Do this one breathing exercise to help alleviate your anxiety.
According to the National Institute of Mental Health (NIMH), about 40 million American adults experience some type of anxiety disorder every year. A few general anxiety symptoms are nervousness, irritability, restlessness, trouble sleeping, fatigue, fear, and trouble concentrating.
When we’re feeling stressed out and anxious our breath is typically the first to be affected. Our breath can become shallow. Sometimes it speeds up really fast and other times we may find ourselves holding our breath.
By consciously slowing down and deepening the breath, you can slow down your heart rate and draw focus away from racing thoughts in the mind that are creating the discomfort. The best part, the benefits of conscious breathing are almost immediate.
When the Breath wanders, the mind is unsteady, but when the Breath is still, so is the mind still.” – Hatha Yoga Pradipika
So let’s get our Pranayama on!
Wait, what is Pranayama???
To break it down, Prana means life force or breath. Ayama is to extend or to draw out. Together they’re translated as breath extension or control.
There are 8 limbs of yoga. Pranayama is the 4th limb.
Let’s get started:
Begin seated or lying down comfortably.
Your eyes can be closed or have a gentle gaze on something that isn’t moving.
With your palms up, rest the back of your right hand inside of your left palm, with the tips of your thumbs gently touching.
Relax your arms & shoulders.
Breath in through your nose. Pause.
Exhale through your nose. Pause
This is 1 full round of breath.
Repeat this simple breath 21 times.
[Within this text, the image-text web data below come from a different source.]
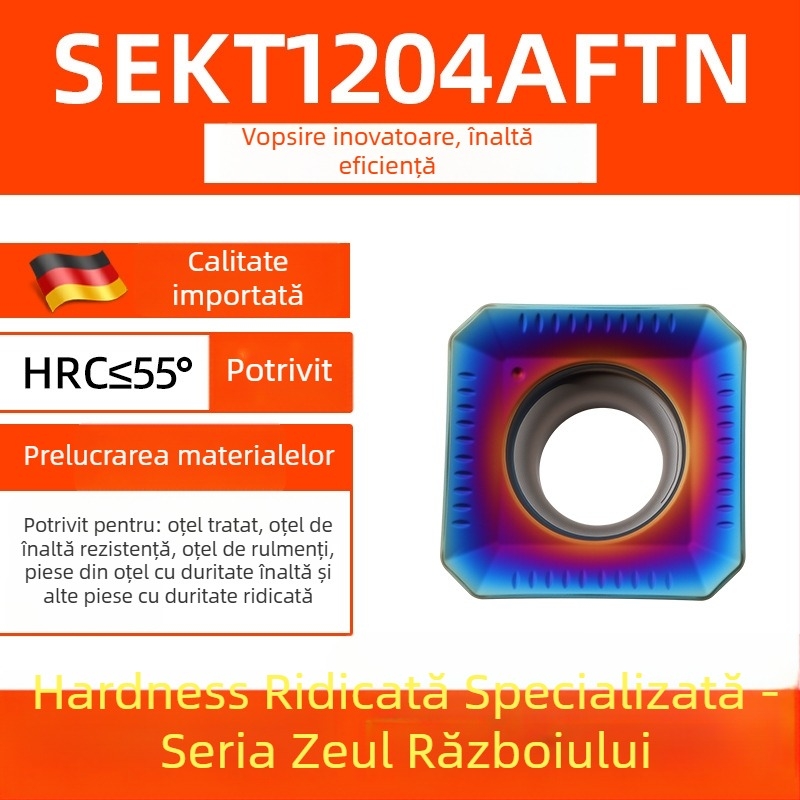 Dasan SEKT1204AFTN lamă de frezat CNC, geometrie pătrată, oțel inoxidabil, oțel călit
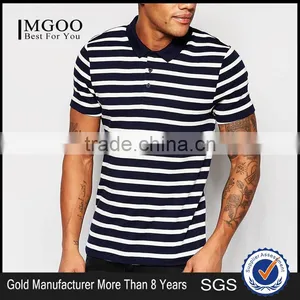 New Arrival Wholesale Price Summer Casual 180g 100% Cotton Custom Short Sleeve Stripe Mens POLO Shirt thumbnail-1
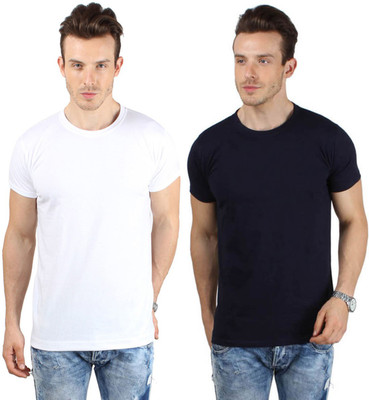 

SayItLoud Solid Men's Round Neck White, Blue T-Shirt(Pack of 2, Navy blue;white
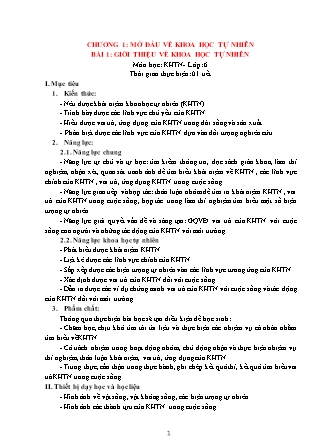 Giáo án Khoa học tự nhiên Lớp 6 Sách Kết nối tri thức với cuộc sống - Chương trình cả năm (Chuẩn kiến thức)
When you get distracted or lose count of your breath just start again.
At the end of your 21st breath, place your palms down on your thighs.
Rest for a few moments.
Slowly open your eyes, smile and enjoy <3
By introducing a daily practice into your life you can help regulate your breath, relax your body, release muscle tension and circulate blood, oxygen and nutrients throughout the body. Creating an overall sense of wellbeing. You do not have to always count up to 21 for this practice but you will need to decide on a # of breaths to commit working towards. When anxiety levels are high, quitting becomes too easy. When you create a goal for yourself, you will get lost in reaching it and end up finding yourself on the other side with a little more peace and calm. Know that the effort and work it takes to get there is always worth it!